Bilirkişi raporu taraflara usulüne uygun olarak tebliğ edilmesi sonucunda tarafların beyan ve itirazlarının dosya kapsamınca yeniden değerlendirilmesi amacıyla dosya kök raporu düzenleyen bilirkişi tevdii edilerek dosyaya tanzim olunan 19/04/2016 tarihli bilirkişi ek raporunda özetle; davacının dava konusu olan istirdat davasıyla talep ettiği 37.500,00 TL … 18. İcra Dairesi … esas sayılı dosyasına 29.11.2013 tarihinde seri no: …, Sıra no : …, özel no: … ile nakit olarak yatırıldığı, yatırılan bu miktar ilgili icra dosyasından 17.06.2014 tarihinde davalı şirket (alacaklı) vekiline İlgili kesintiler yapıldıktan sonra 33.337,50 TL ödeme yapıldığı, davacı şirket 37.500.-TL bedelin istirdadını talep ettiği, davacı şirket tarafından, Davalı şirket vekiline 02.10.2013 tarihli makbuzla 5.000,00 TL nakit ödeme makbuzuyla ödeme yaptığı, davacı şirket 5.000,-TL bedelin istirdatını talep ettiği, davacının davalıya ödediği toplam (37.500-TL + 5.000.-TL) 42.500.-TL tutarın davacıya iadesinin uygun olacağı yönünde görüş ve kanaat bildirilmiştir.

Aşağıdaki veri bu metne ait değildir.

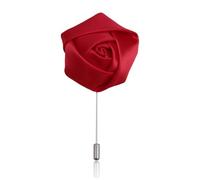 NIIIYTYB Lapel Pin for Men Gentleman's Essentials Premium Handmade Flower Red Rose Boutonniere Silk Rose Pin Red Flower Suit Pin for Gentlemen Stylish Man's Accessory, 2*2inch, Polyester, no gemstone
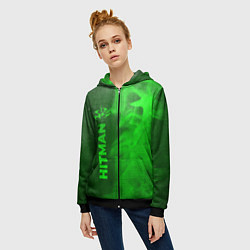 Толстовка на молнии женская Hitman - green gradient по-вертикали, цвет: 3D-черный — фото 2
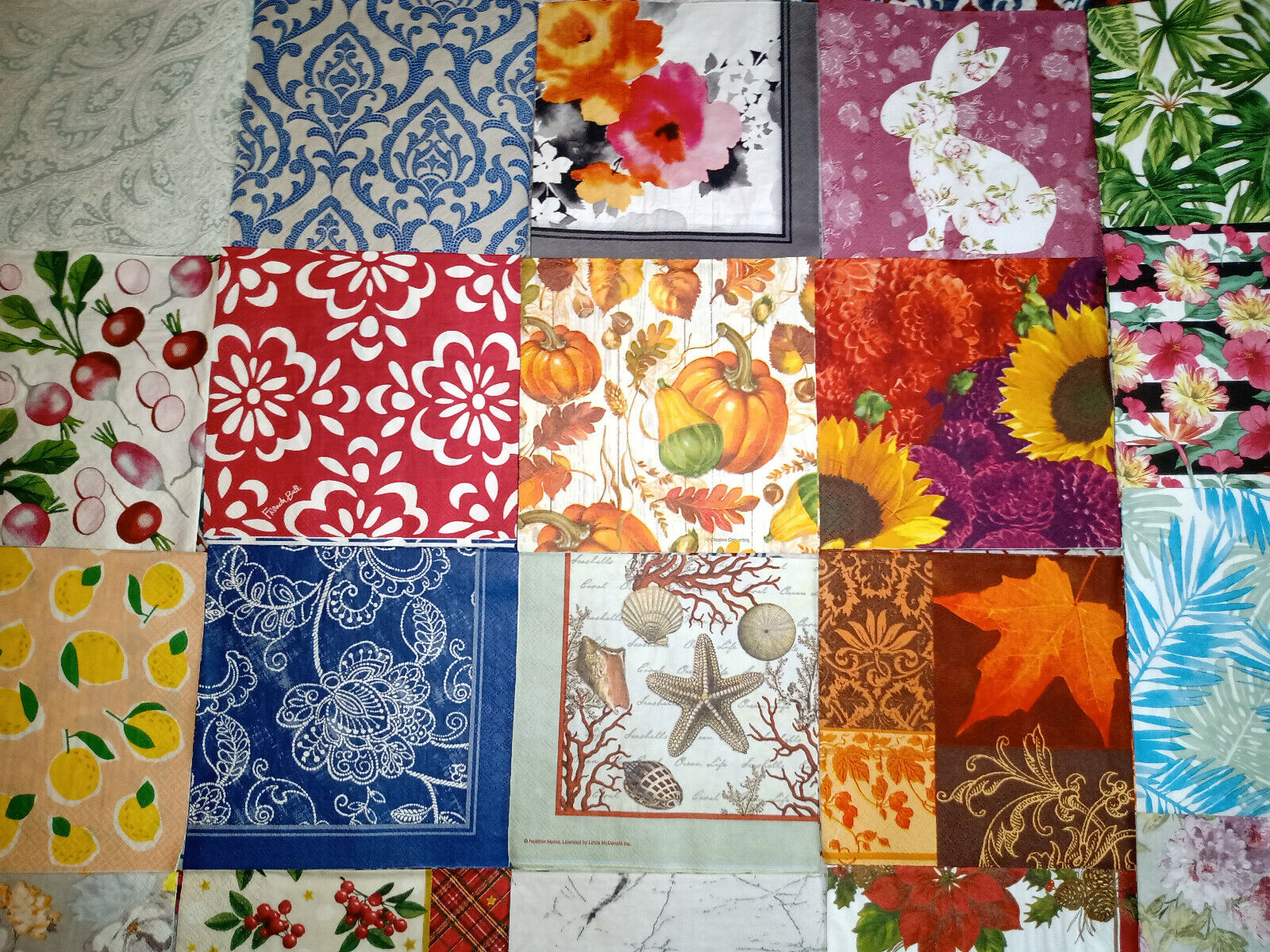 38 FLORAL & NATURE ALL OVER PATTERNS ~ LOT SET MIXED Paper Napkins ~ Decoupage Без бренда - фотография #3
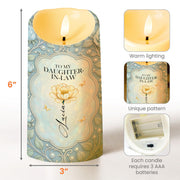 To My Daughter-In-Law, Thank You For Loving My Son, Flower Design - Personalized Custom LED Candle - DILA012_LECA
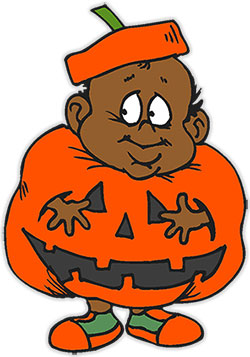 dressed as jack-o'-lantern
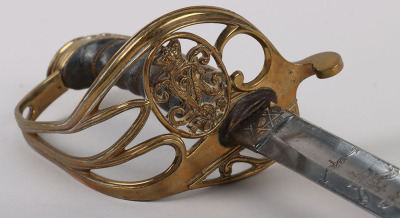 A Victorian 1822 Pattern infantry officers piquet weight sword of Thomas Unett Brocklehurst, Captain Cheshire Rifle Volunteers, April 1860 - 15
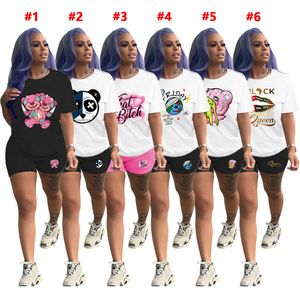 Women tracksuits summer Fashion Casual Solid Color Cartoon Pattern Printed Short Sleeve Shorts Two Piece Set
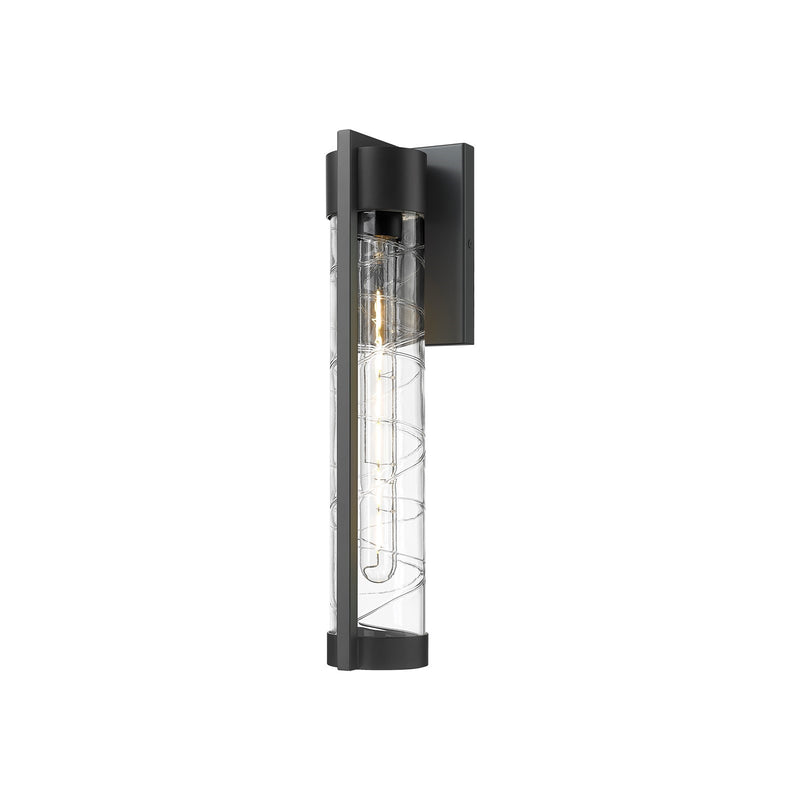 Innovations Stratford 16in 1-Light Wall Sconce | Modern Matte Black Aluminum and Deco Swirl Glass | Covered Patios & Entryways | Model 9954-1W-BK-16-DE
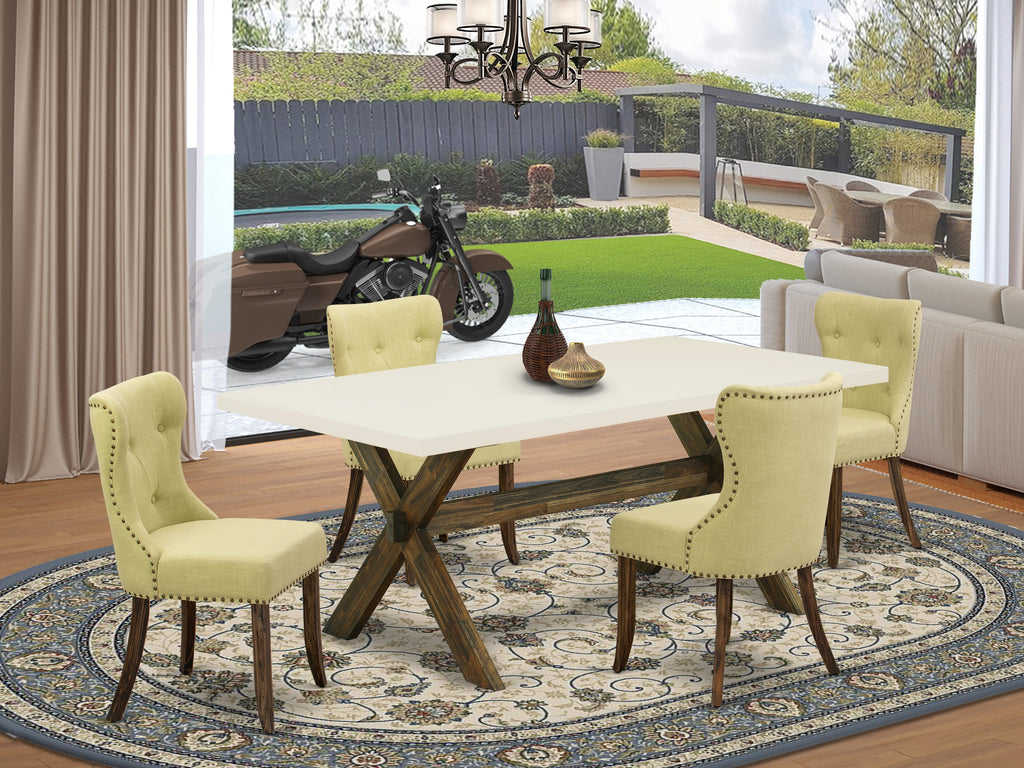 X727SRA5C-U 5-Piece Dining Set with Rectangular Table, X-Legs, and Limelight Upholstered Chairs, Multi-Color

Ek raporun taraflara tebliğ edilmesinden sonra tarafların beyan ve itirazlarının değerlendirilmesi amacıyla dosya yeni bir bilirkişi heyeti olan hukukçu … ve Mali Müşavir …’in 14/07/2017 tarihli bilirkişi raporunda özetle; taraflar arasında ihtilaf konusu olan ve raporumuzda çözüme kavuşturulması gereken temel problemler, dava konusu senedin davacı tarafından teminat olarak verilmiş olup olmağı ve davalının davacıdan dava konusu senet nedeniyle herhangi bir alacağının bulunup bulunmadığı noktalarında toplandığı, Türk Ticaret Kanunu m. 645 hükmüne göre, “kıymetli evrak öyle senetlerdir ki, bunların içerdikleri hak, senetten ayrı olarak ileri sürülemediği gibi başkalarına da devredilemez”. TBK. m. 103 hükmüne göre: “Borcu ödeyen borçlu, bir makbuz ve borcun tamamı ödenmişse, buna ilişkin borç senedinin geri verilmesini veya iptalini isteyebileceği, borcun tamamı ödenmemiş veya borç senedi alacaklıya başkaca haklar da vermekte ise borçlu, ancak makbuz •verilmesini ve ödemenin borç senedine işlenmesini isteyebilir”. Yine TBK. m. 104 hükmüne göre, “borç senedi borçluya geri verilmişse, borç sona ermiş sayılır” Hükümleri gereğince, kıymetli evraka bağlı olan hak münhasıran senedi takip ettiği için, senedin alacaklının elinde olması hali, senet bedelinin ödenmediğinin bir karinesini teşkil eder, aksini ispat külfeti, borçluya düşer yönünde Yargıtay içtihatlarının bulunduğu, dolayısıyla davacının, dava konusu bonodan kaynaklanan borçları ödediğini ya da bu bononun teminat amacıyla verildiğini veya tadil edildiğini yazılı belgeyle ispatlanması gerektiği, davacı, dava konusu bononun teminat amacıyla verildiğini iddia etmektedir. Öncelikle, dava konusu bononun, kambiyo niteliği gereği, temel ilişkiden soyut bir borç ikrarı oluşturması nedeniyle bu bono üzerine, “teminat senedidir”, “teminat içindir”, “teminat olarak verilmiştir” gibi ibareler yazılmış olsa dahi bu husus tek başına bononun teminat için verildiğini kanıtlamaya yeterli değildir. Hangi temel ilişkiye istinaden teminat olarak verilmiş olduğunun yazılı bir delille ispatlanması gerektiği,
Gerçekten de Yargıtay, bu konuyla ilgili olarak, vermiş olduğu bir kararında şu ifadelere yer vererek aynı yönde görüş belirtmiştir: “Dava konusu senette teminat kaydı varsa da neyin teminatı olduğu belirtilmediğinden senedi mücerretlik vasfını ortadan kaldırmaz. Kambiyo senedi geçerli olup, senede karşı iddiaların HUMK’nun 290. maddesi uyarınca yazılı delille ispatı gerekir” (YHGK.’nın E. 2010/19-67, K. 2010/99 sayı ve 24.2.2010tarihli kararı. Ayrıca bkz.; Yargıtay Hukuk Genel Kurulu’nun 14/03/2001 gün ve 2001/12-233 E., 2001/257 K.; 20/06/2001 gün ve 2001/12- 496 E., 2001/534 K. sayılı kararları; Y. 19. HD.’nin E. 2007/9954, K. 2008/3402 sayı ve 03.04.2008 tarihli kararı; Y. 12. HD.’nin E. 2004/21684, K. 2004/26551 sayı ve 23.12.2004 tarihli kararı).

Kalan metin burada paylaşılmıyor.